== Instructions for the task ==
Only the text belongs in the copy: repeat each record exactly, without pictures.
☆ ☆ ☆ ☆ ☆
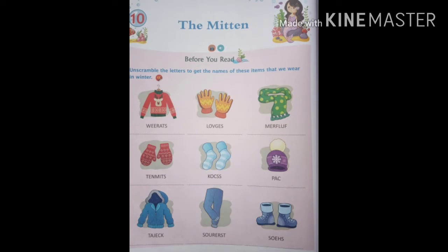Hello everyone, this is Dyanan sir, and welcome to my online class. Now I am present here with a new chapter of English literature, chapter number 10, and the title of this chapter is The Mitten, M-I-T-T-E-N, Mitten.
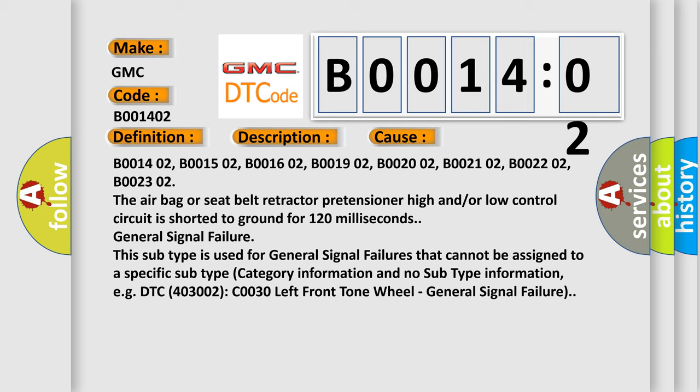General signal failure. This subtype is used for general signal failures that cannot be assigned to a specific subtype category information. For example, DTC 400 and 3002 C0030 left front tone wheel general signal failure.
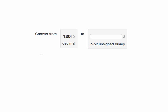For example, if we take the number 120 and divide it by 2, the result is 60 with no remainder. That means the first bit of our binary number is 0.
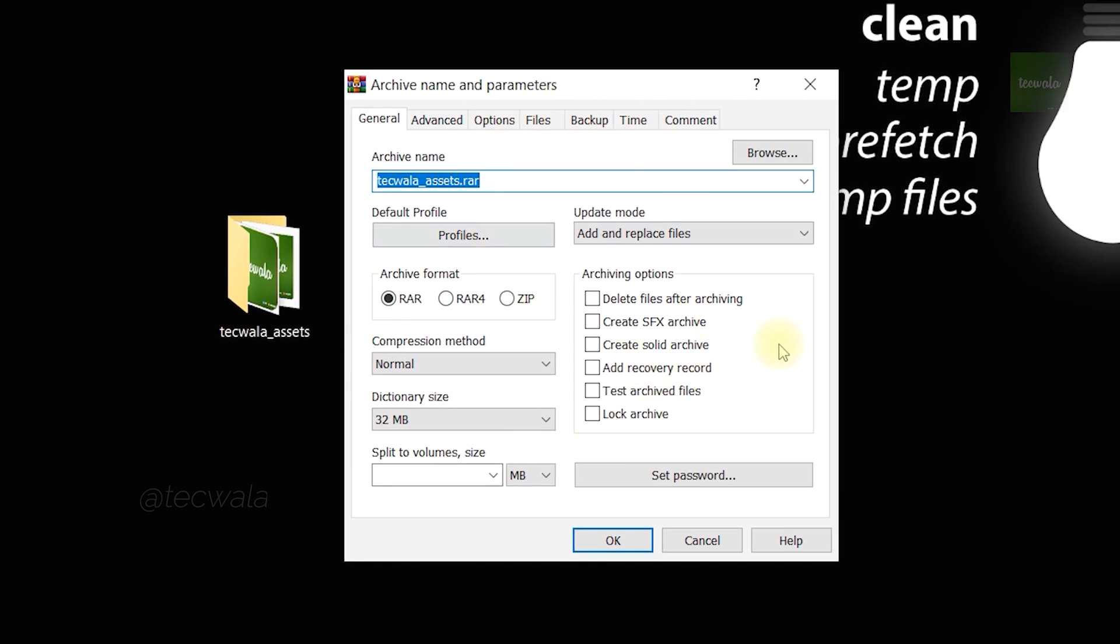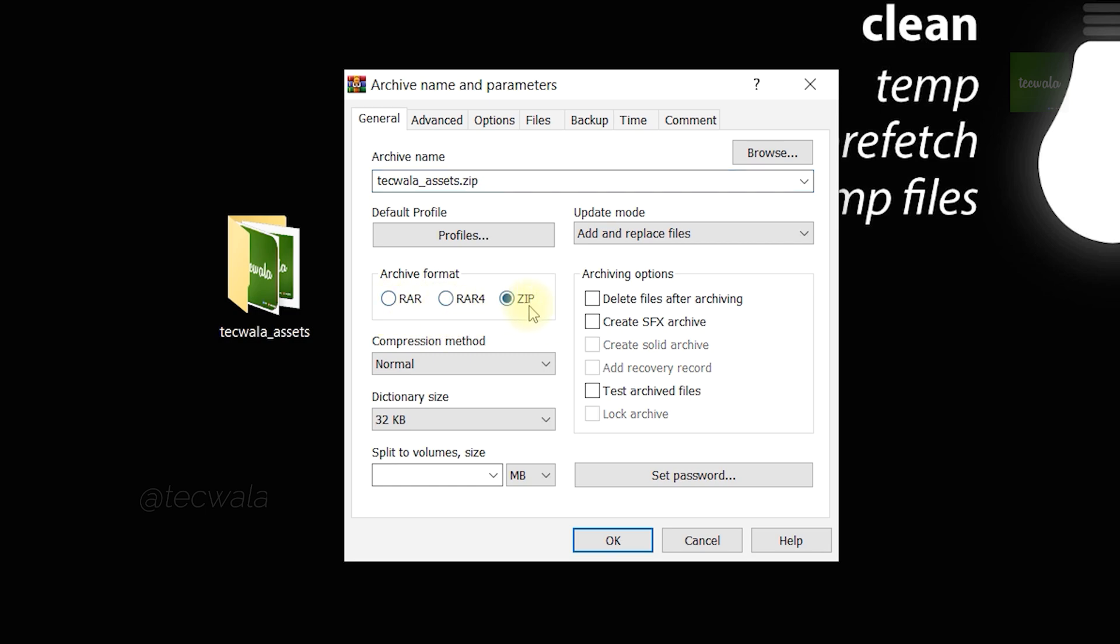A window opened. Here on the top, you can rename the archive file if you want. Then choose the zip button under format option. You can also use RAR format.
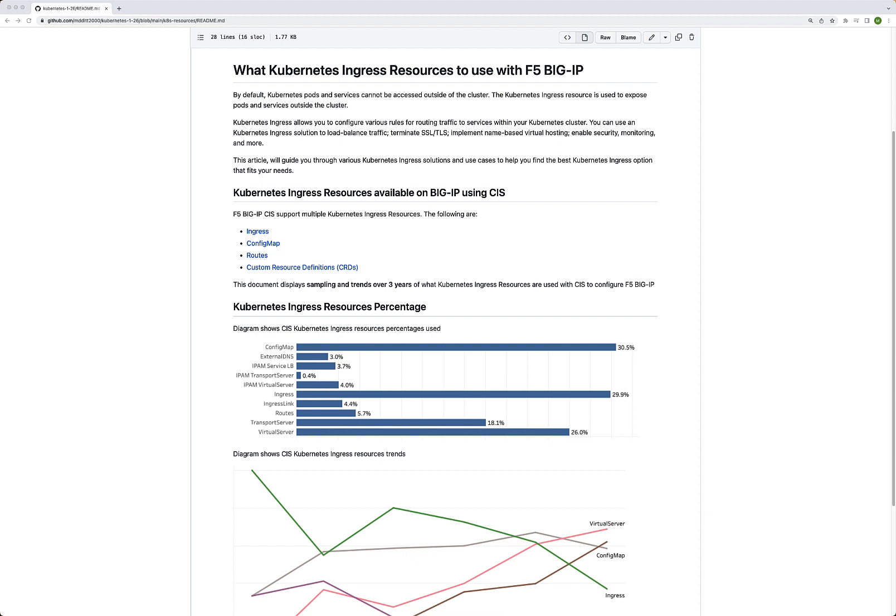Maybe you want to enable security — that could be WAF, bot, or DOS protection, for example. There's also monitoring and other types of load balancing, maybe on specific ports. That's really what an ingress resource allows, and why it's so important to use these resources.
☆ ☆ ☆ ☆ ☆
== Response for this exercise ==
Hello everyone, this is Dyanan sir, and welcome to my online class. Now I am present here with a new chapter of English literature, chapter number 10, and the title of this chapter is The Mitten, M-I-T-T-E-N, Mitten.
General signal failure. This subtype is used for general signal failures that cannot be assigned to a specific subtype category information. For example, DTC 400 and 3002 C0030 left front tone wheel general signal failure.
For example, if we take the number 120 and divide it by 2, the result is 60 with no remainder. That means the first bit of our binary number is 0.
A window opened. Here on the top, you can rename the archive file if you want. Then choose the zip button under format option. You can also use RAR format.
Maybe you want to enable security — that could be WAF, bot, or DOS protection, for example. There's also monitoring and other types of load balancing, maybe on specific ports. That's really what an ingress resource allows, and why it's so important to use these resources.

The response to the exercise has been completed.